:: What this task involves ::
Without the pictures, return each record as it appears.

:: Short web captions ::

◆ ◆ ◆

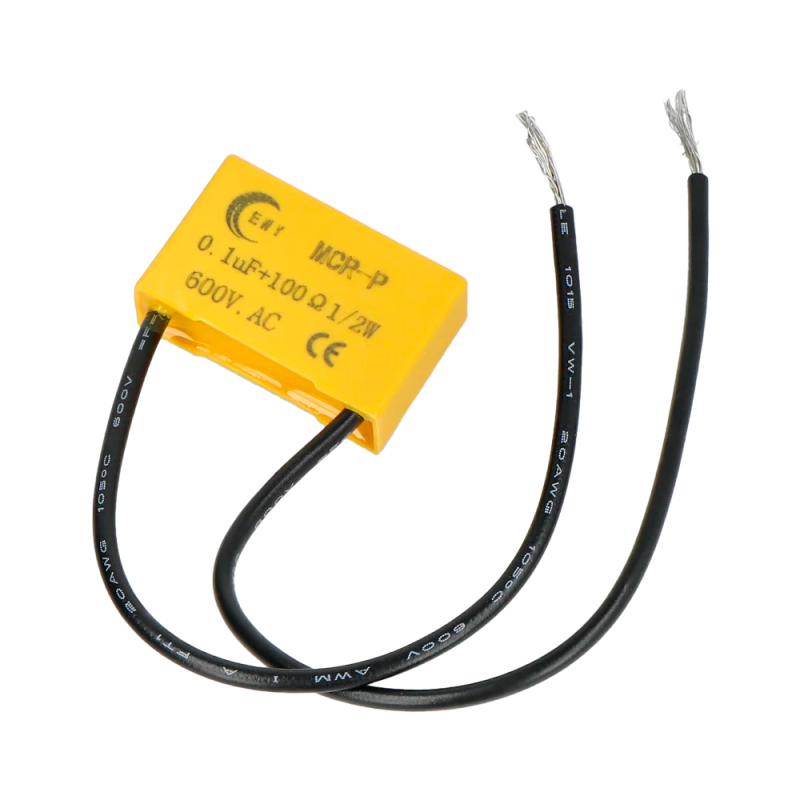 SH-RC-SNUBBER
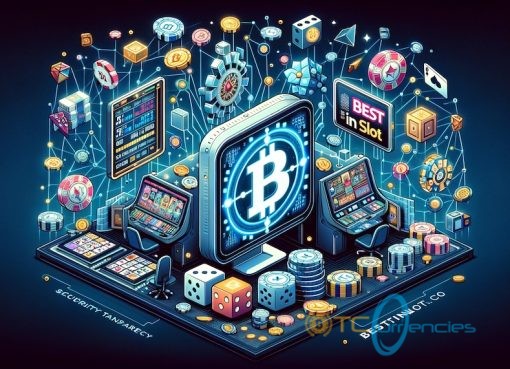 crypto casino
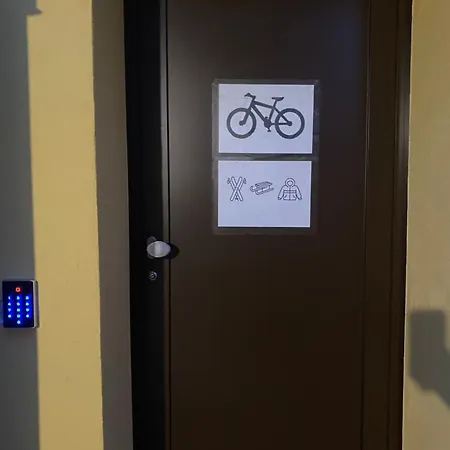 Homestay szállás Dolomiti - Fit & Well *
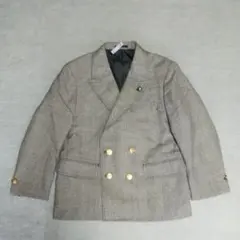 J.PRESS 男の子用ジャケット 130cm♪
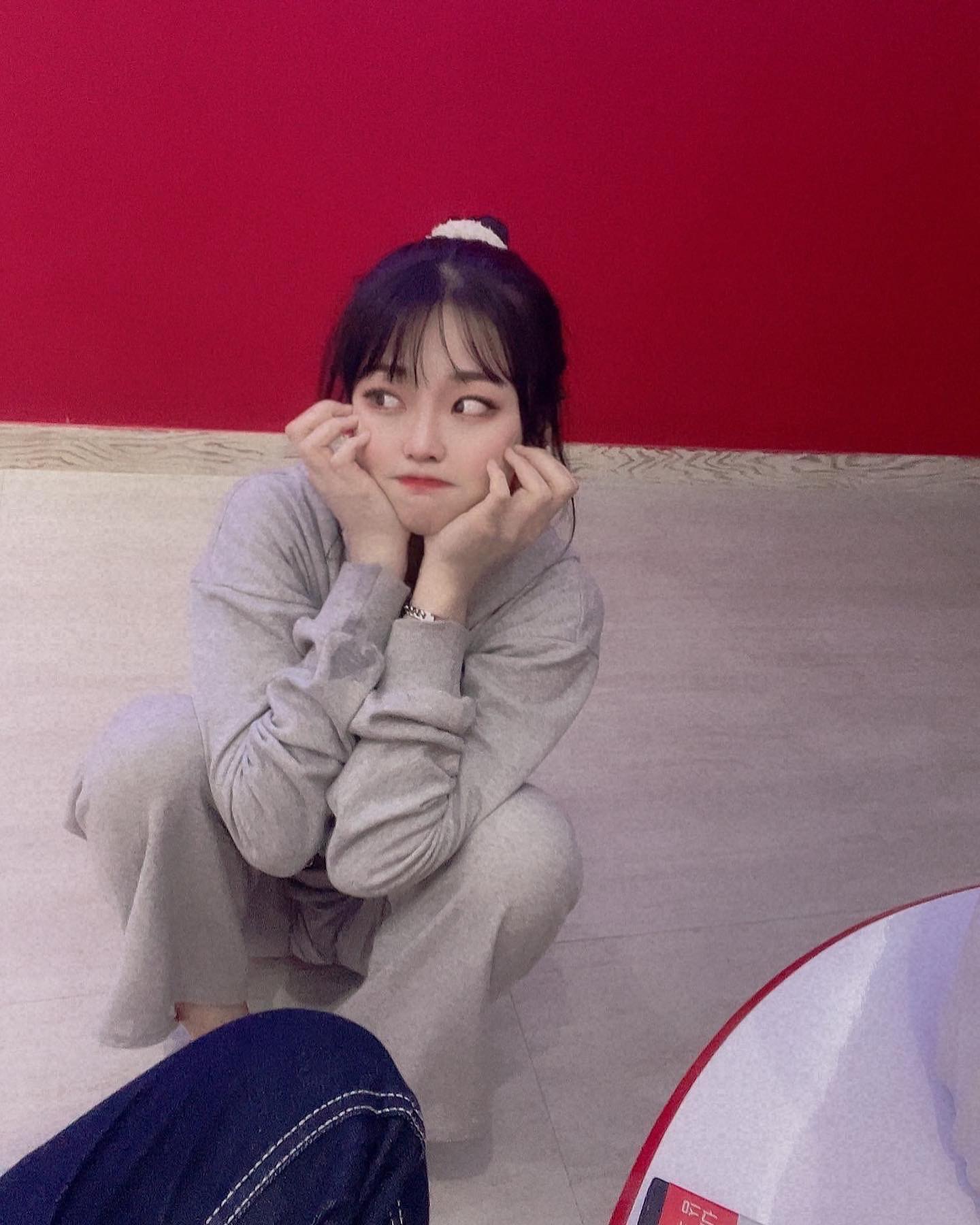 #뽀샵귀찮아쏴리 #31살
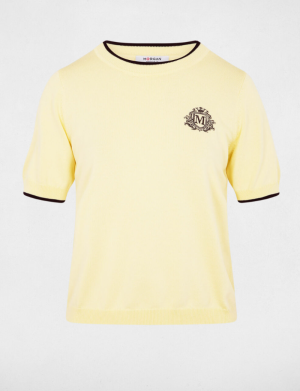  1191 JAUNE PAST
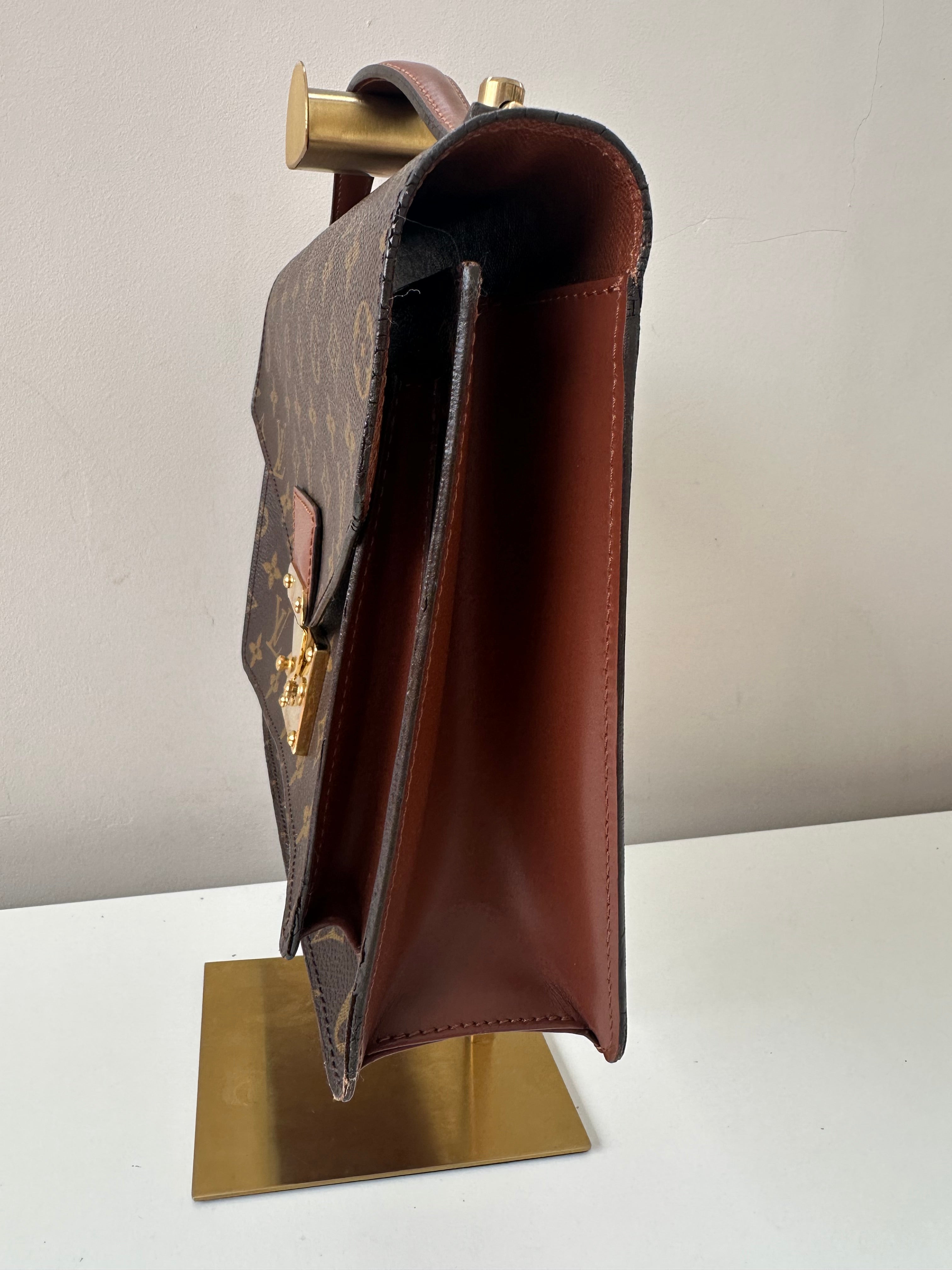 Louis Vuitton Monceau 28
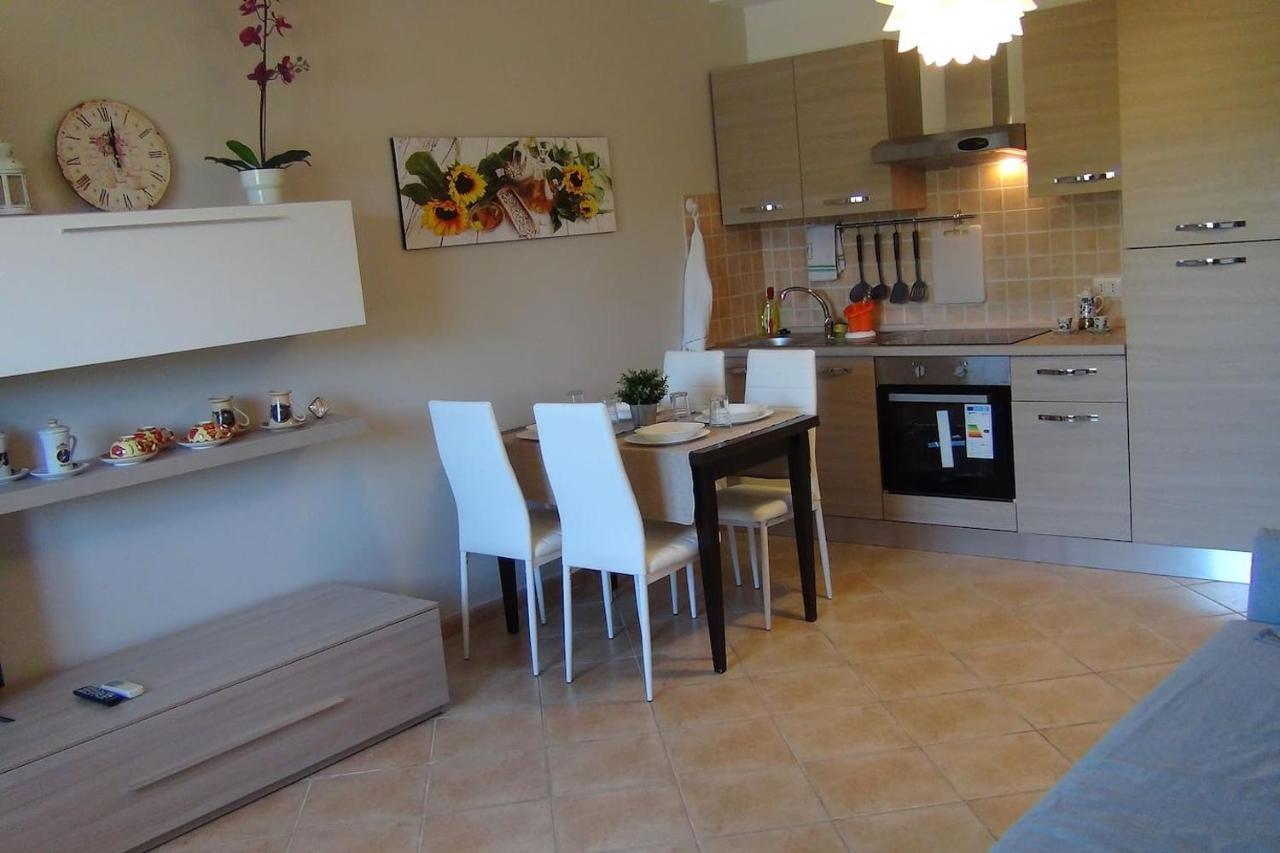 Relax Sul Lago Apartment Genzano di Roma Exterior photo
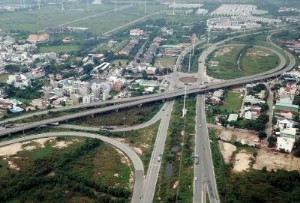 Ảnh của Chính phủ trình Quốc hội dự án đường Vành đai 3 TP HCM và Vành đai 4 vùng thủ đô Hà Nội
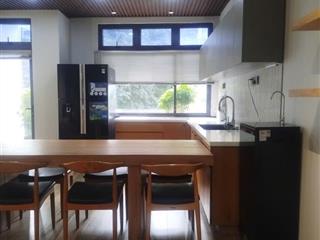 Cho thuê căn hộ kdt vạn phúc full nội thất đẹp giá 12tr nguyên 1 sàn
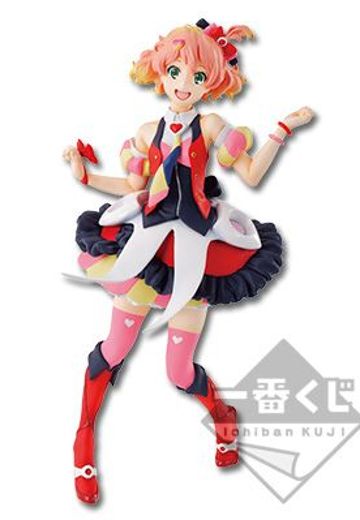 一番赏 超时空要塞Δ  A奖 芙蕾雅·薇恩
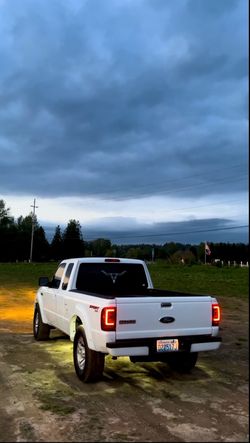 2011 Ford Ranger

◆ ◆ ◆

:: Result for this task ::
 SH-RC-SNUBBER
 crypto casino
 Homestay szállás Dolomiti - Fit & Well *
 J.PRESS 男の子用ジャケット 130cm♪
 #뽀샵귀찮아쏴리 #31살
  1191 JAUNE PAST
 Louis Vuitton Monceau 28
 Relax Sul Lago Apartment Genzano di Roma Exterior photo
 Ảnh của Chính phủ trình Quốc hội dự án đường Vành đai 3 TP HCM và Vành đai 4 vùng thủ đô Hà Nội
 Cho thuê căn hộ kdt vạn phúc full nội thất đẹp giá 12tr nguyên 1 sàn
 一番赏 超时空要塞Δ  A奖 芙蕾雅·薇恩
 2011 Ford Ranger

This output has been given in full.